The process of the reconstruction and development of higher education in South Africa is part of the wider process of political democratization, economic reconstruction and development, and social redistribution. It takes place in a global context of multiple, interrelated and rapid changes in social, cultural and economic relations, typically referred to as globalization. These changes are largely enabled by a revolution in the development and application of information and communication technologies (ICTs). The White Paper 3: A Programme for the Transformation of Higher Education of 1997 acknowledged the key role of the ICT revolution in globalization. The same understanding of the importance of ICTs in supporting and provoking global political, social and economic integration was reiterated by the Ministry of Education in its National Plan for Higher Education published in 2001. Moreover, the National Plan noted the critical and central role that higher education would have to play in contributing to the development of an information society in South Africa in terms of both skills development and research. Despite the realization of the importance of these issues, higher education as a sector has not really engaged with the implications of introducing ICTs into teaching, learning and research or with the conceptual and political frameworks informing this. At government level, the Ministry of Education has not yet focused on these issues and, in this sense, there has been no central steering of the development and application of ICTs in higher education in South Africa.

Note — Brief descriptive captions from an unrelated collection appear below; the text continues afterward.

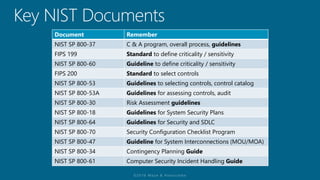 Document Remember
NIST SP 800-37 C & A program, overall process, guidelines
FIPS 199 Standard to define criticality / sensitivity
NIST SP 800-60 Guideline to define criticality / sensitivity
FIPS 200 Standard to select controls
NIST SP 800-53 Guidelines to selecting controls, control catalog
NIST SP 800-53A Guidelines for assessing controls, audit
NIST SP 800-30 Risk Assessment guidelines
NIST SP 800-18 Guidelines for System Security Plans
NIST SP 800-64 Guidelines for Security and SDLC
NIST SP 800-70 Security Configuration Checklist Program
NIST SP 800-47 Guideline for System Interconnections (MOU/MOA)
NIST SP 800-34 Contingency Planning Guide
NIST SP 800-61 Computer Security Incident Handling Guide
 
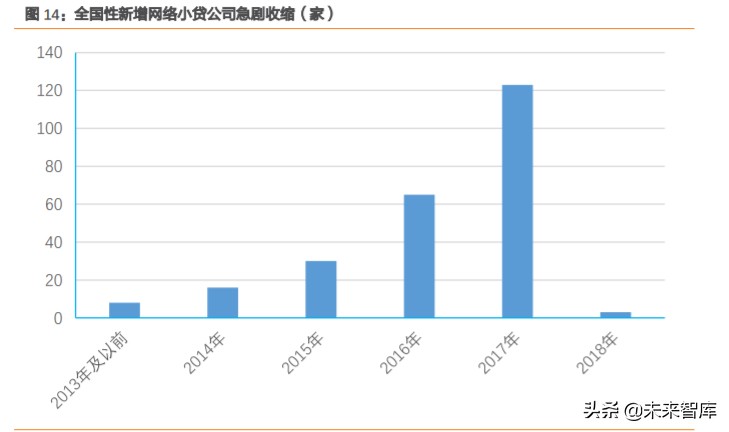 小贷行业专题报告：衰落的P2P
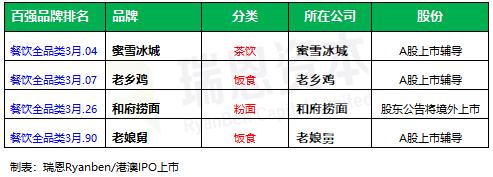 餐饮品牌上市的有哪些,餐饮上市公司有哪些品牌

This issue of the Higher Education Monitor presents to the higher education community and its direct stakeholders, as well as to the interested public, a piece of research that seeks to illuminate some of the challenges presented by the utilization of ICTs in higher education. The work of Prof. Laura Czerniewicz, Dr Neetha Ravjee and Ms Nhlanhla Mlitwa is a first contribution of the CHE towards developing an understanding of the ways in which higher education institutions in South Africa have confronted the challenges posed by the information and technology revolution. In particular, this work reveals the ways in which researchers, practitioners, and policymakers understand ICTs, and how they see the relationship between ICTs and change in higher education.
This research is part of broader project of the CHE Monitoring and Evaluation Directorate focused on higher education and change. The project was made possible with generous funding from the Rockefeller Foundation. While the different pieces of research emanating from the project will be published together in book form later this year, this research report is published in its entirety owing to the topicality of the issue of ICTs in South African higher education and its importance for all public higher education institutions as well as for the broader South African society in a context of a relative dearth of research on this subject.
The CHE hopes that the report will generate further interest, discussion and research among higher education analysts, university and government officials, and also that the non-specialist public will find that it helps them to understand the implications of the information and technology revolution in South African higher education.